Home > Uncategorized > Productivity growth is up, are the robots finally coming?

Productivity growth is up, are the robots finally coming?

from Dean Baker

The Bureau of Labor Statistics (BLS) reported that productivity grew at a 3.0 percent annual rate in the third quarter of 2017. While this report got little attention, it is potentially very good news.

Before going into the good news part, it is worth briefly saying a bit about what productivity is. Productivity measures the value of the goods and services produced in an hour of work. It is the main determinant of living standards. If we want more or better housing or health care, we either have to work more hours to produce it, or we need higher productivity.

Alternatively, we may decide we are content with our material living standards but would like more leisure time. This could take the form of shorter workweeks, parental and family leave, or vacations. However, this would also require more productivity.

We could improve the living standards of much of the population with policies that reverse the upward redistribution of the last four decades. But if we don’t get productivity growth going forward, there is a limit to how far we can go with such policies. Unless people are content with stagnant living standards, we need productivity growth.

This is why the third quarter number is such good news. Contrary to the endless stories in the media about robots taking all the jobs, robots actually have been taking very few jobs in recent years. Productivity growth, which reflects the rate at which robots and other technologies displace workers, has been extremely slow in recent years. In fact, it has averaged less than 1.0 percent annually over the last five years.

By contrast, productivity growth averaged almost 3.0 percent in the years from 1995 to 2005. This was also the average rate of productivity growth in the long boom that followed World War II, from 1947 to 1973. The quick pace of productivity growth allowed for rapid increases in wages and living standards, especially in the years after World War II when strong unions and government policies ensured that workers shared in the gains of growth.

The lackluster productivity growth in the years since 2005 has been one of the reasons that wages have been stagnant. The weak labor market caused by the high unemployment of the Great Recession led to falling wages for most workers, as they had little bargaining power.

This has changed in the last two or three years as unemployment has fallen to levels not seen since the 1990s boom.

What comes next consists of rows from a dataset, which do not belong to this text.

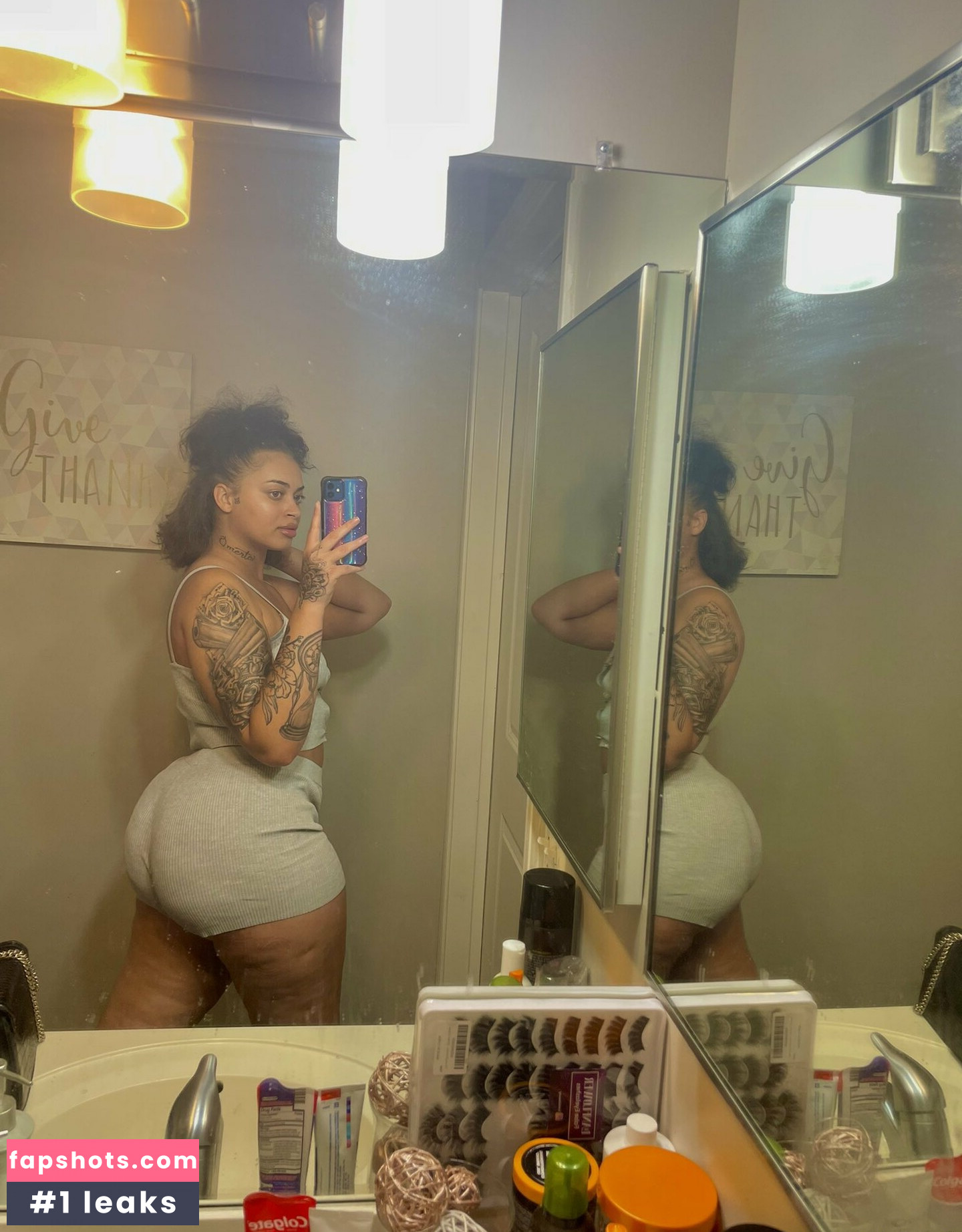 iamkeyali gallery photo #2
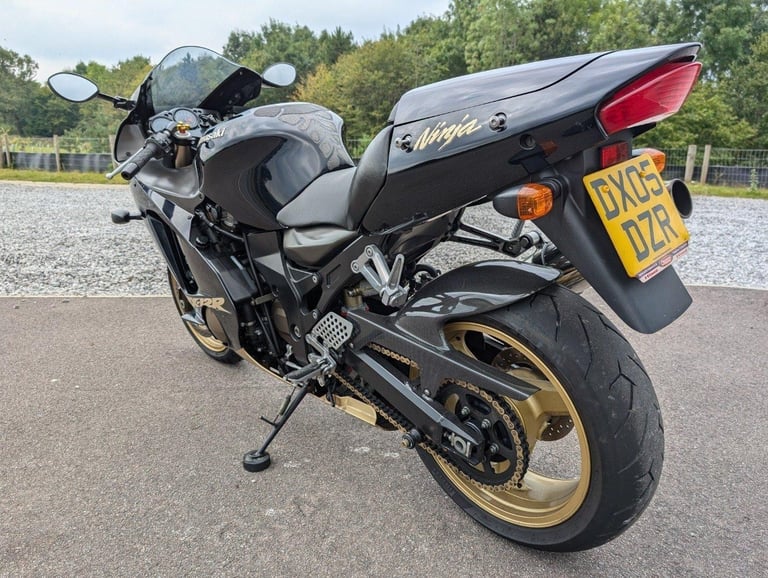 2005 KAWASAKI ZX-12R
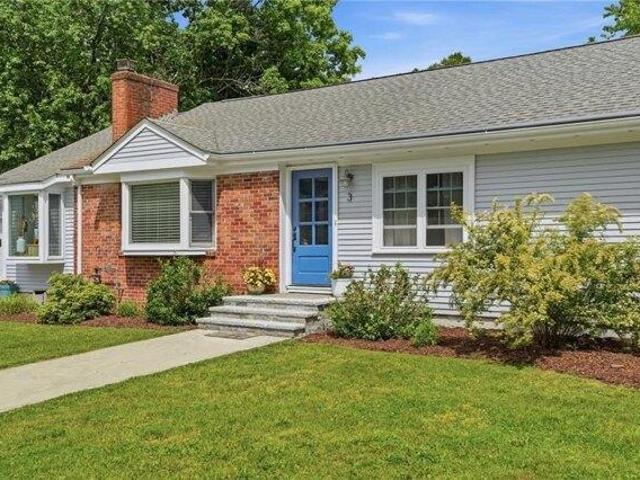 House for sale in Barrington, Rhode Island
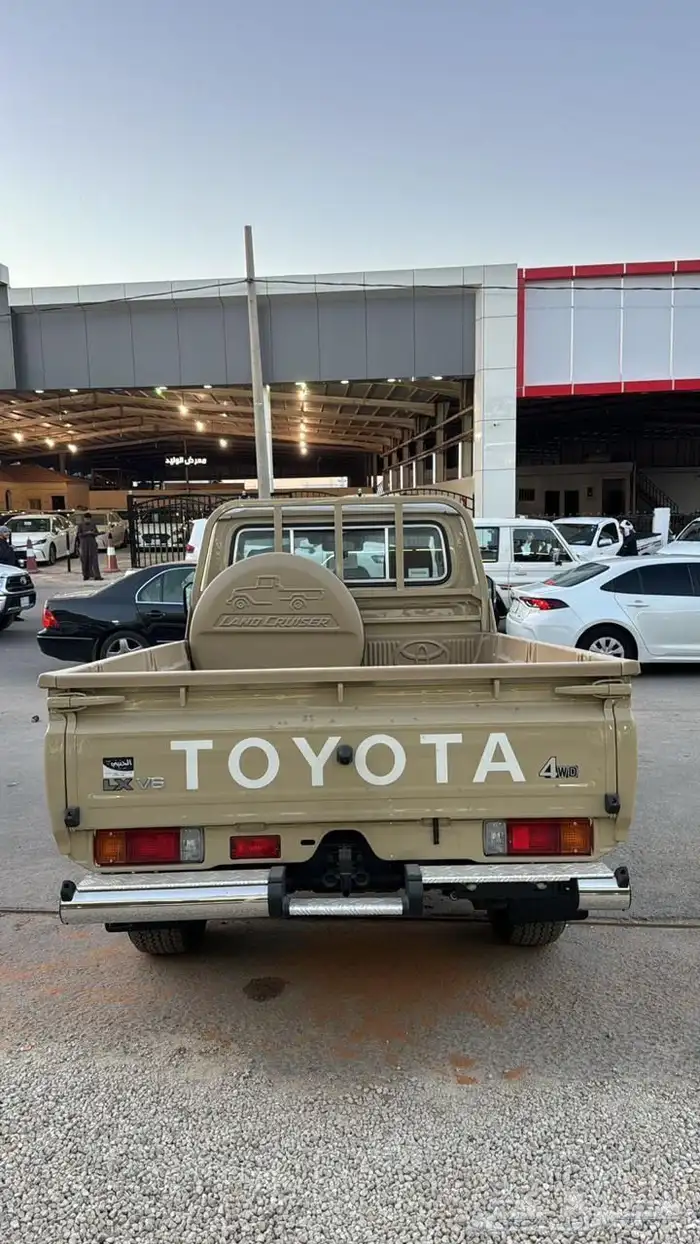 تويوتا شاص 2025 بنزين رفرف جديد فل كامل سعودي 5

The tighter labor market has allowed workers, especially those at the middle and bottom of the income distribution, to make up some of the ground lost in the Great Recession, as real wages are now rising by roughly 1.0 percent a year.

This is good news, but to see the strong 2.0-3.0 percent annual wage growth of the late 1990s or the long post-war boom, we need more rapid productivity growth. This is why the third quarter number is such good news.

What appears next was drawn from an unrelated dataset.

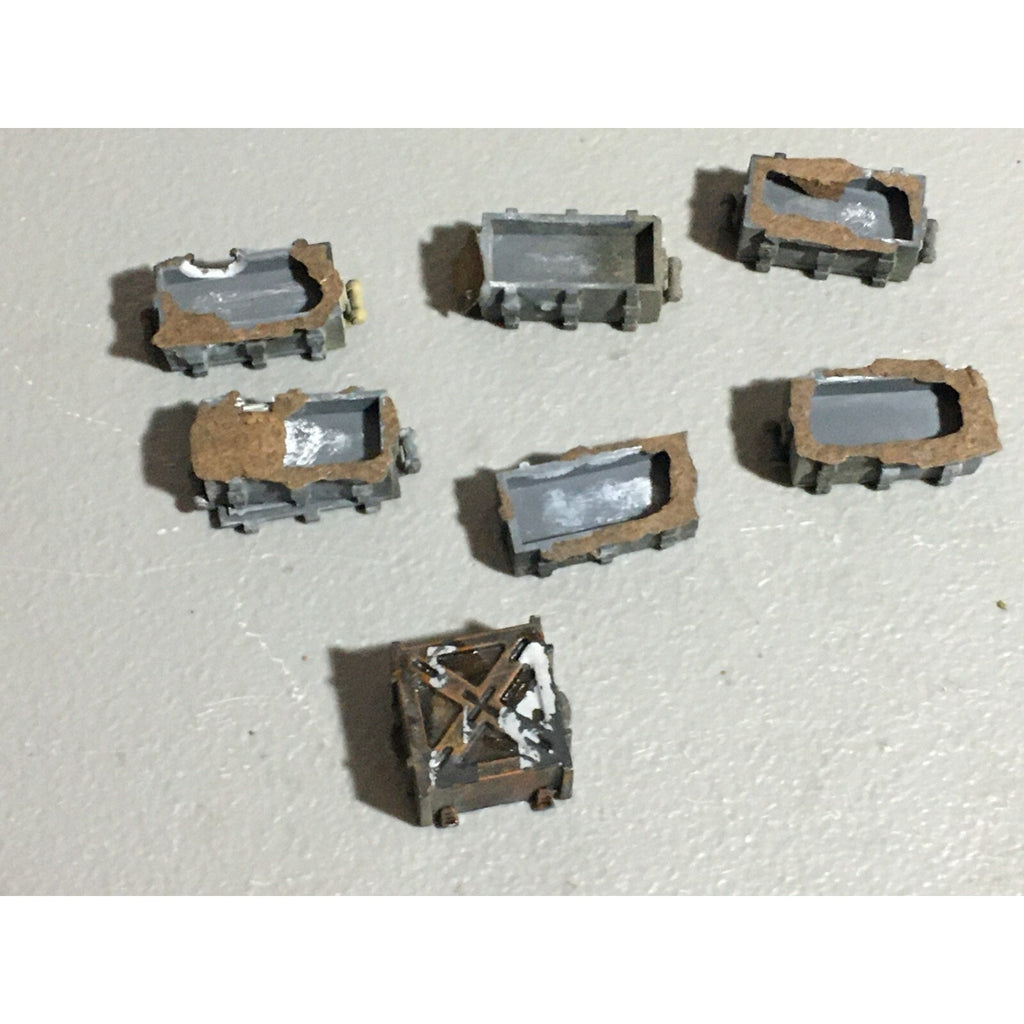A22419 WARHAMMER 40K BITS LOT CRATES OBJECTIVE MARKERS GAMES WORKSHOP GW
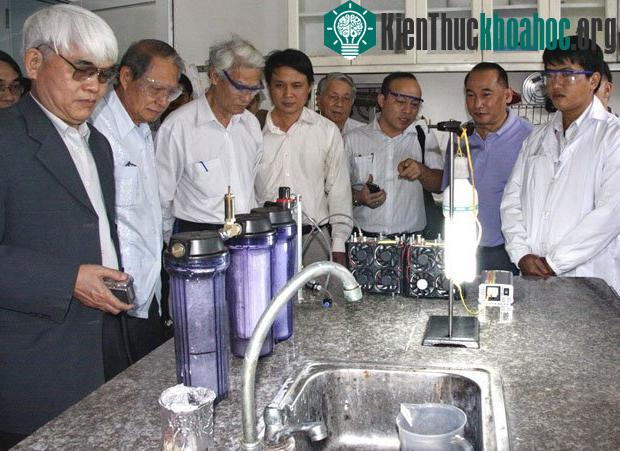 Thí nghiệm của TS Khê (áo xanh bên trái) tại khu công nghệ cao SHTP hôm 9/3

But we should hold off celebrating for the moment. Productivity data are notoriously erratic. Sometimes we see a big jump in one quarter followed by extraordinary weak or even negative growth in subsequent quarters, so we will need more data before we can be confident that this is the start of a new trend with higher growth.

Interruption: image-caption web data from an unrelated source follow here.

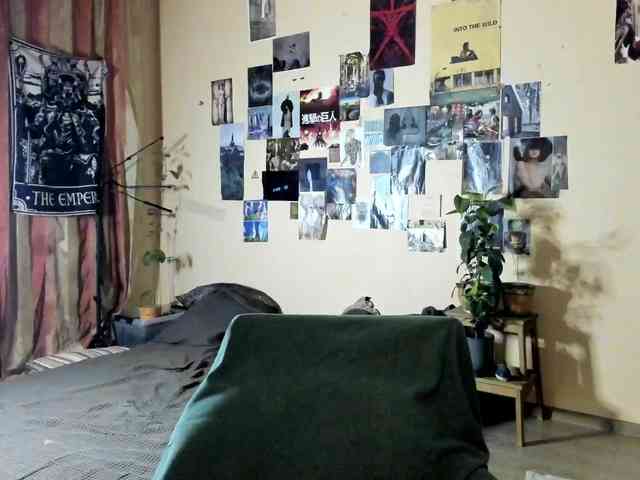 TemptingFable webcam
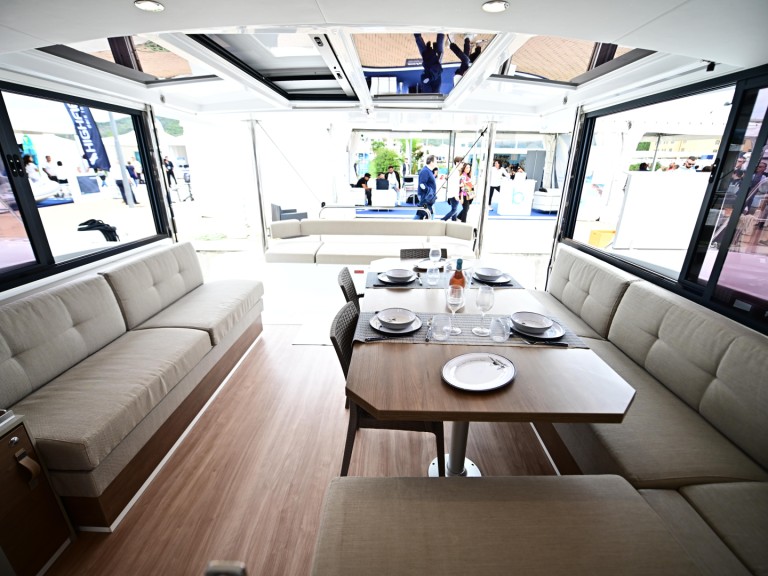 Catamaran for rent Marina d'Arechi at the best price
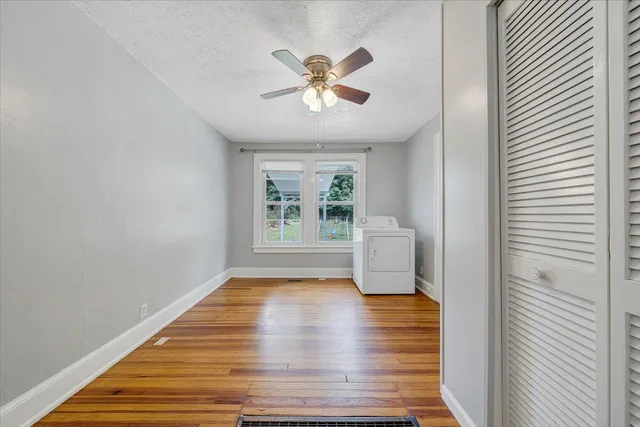 $1,200 | 812 Mississippi Avenue Northeast, Roanoke, VA 24012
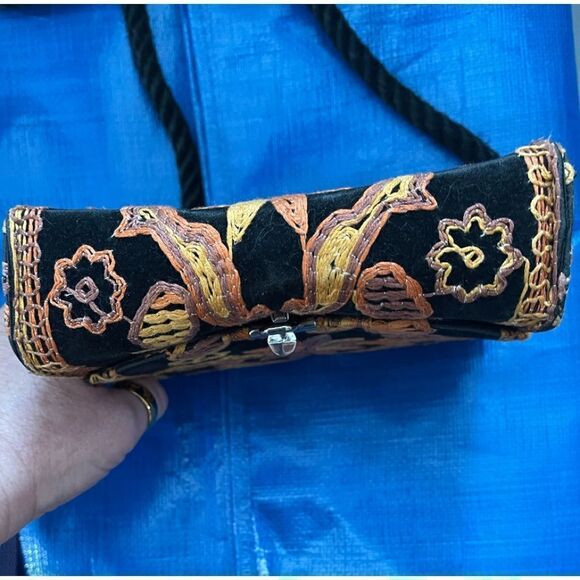 Velvet and embroidered shoulder bag - Picture 4 of 7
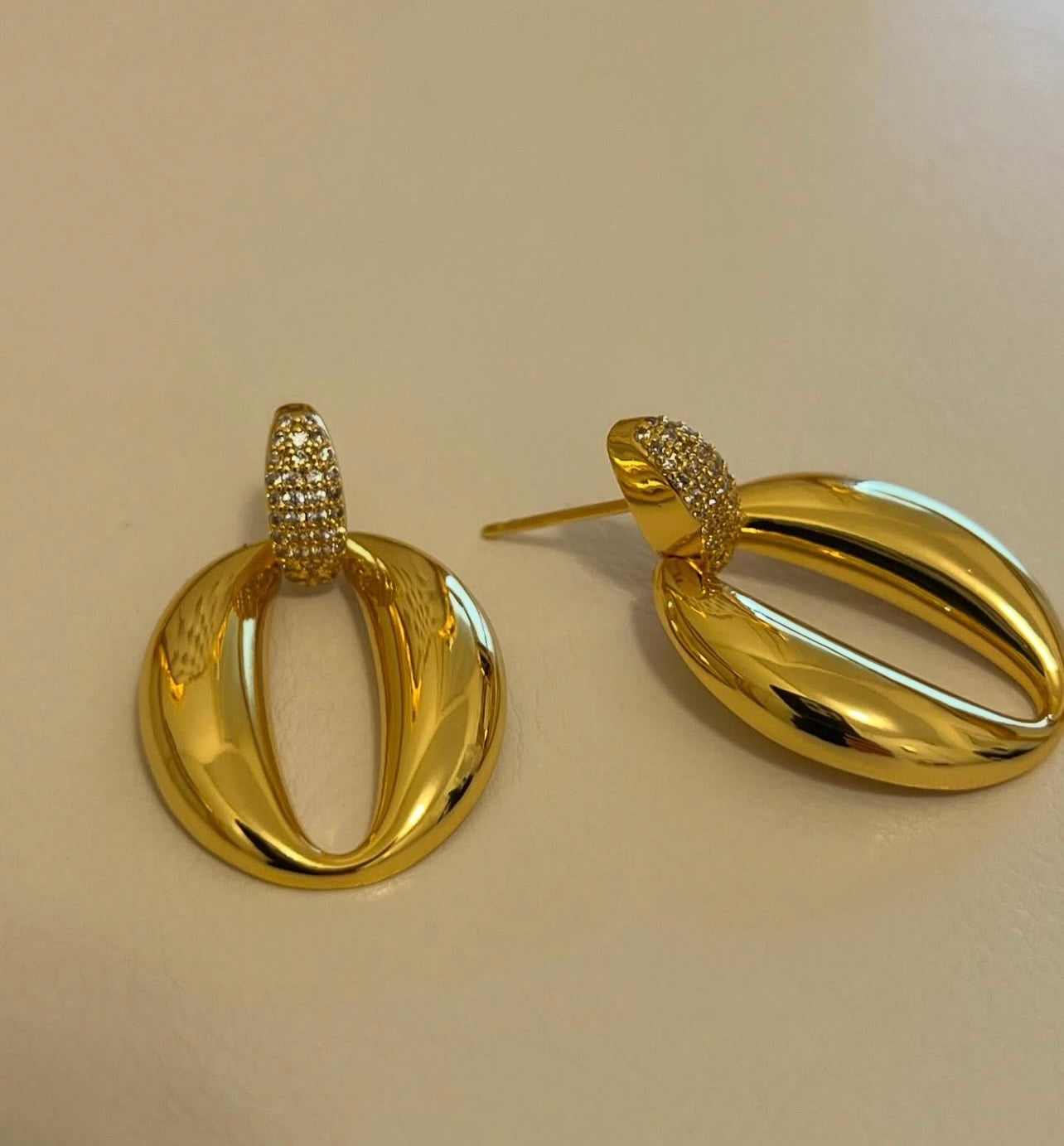 Orecchini e  zirconi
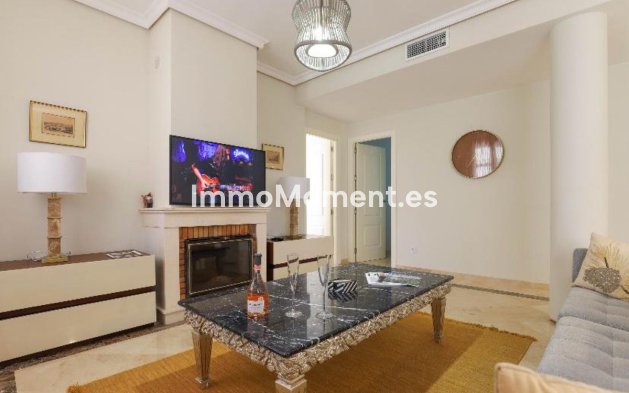 Wiederverkauf - Wohnung - Marbella - Nueva Andalucía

But there are some reasons for thinking that we may be at a turning point. When labor markets start to tighten and wages rise, some low productivity jobs disappear just because they are no longer profitable for businesses.

Think of a greeter at Walmart or a clerk working the midnight shift at a convenience store. It may be worth hiring these people at the federal minimum wage of $7.25 an hour. But if a tight labor market pushes up wages to $14 an hour, these low paying, low productivity jobs may go unfilled. If we have fewer low productivity jobs, average productivity rises.

Higher pay also gives employers more incentive to invest in technology in order to reduce their need for workers. And we have seen an uptick in equipment investment over the last year, which is consistent with businesses trying to economize on labor.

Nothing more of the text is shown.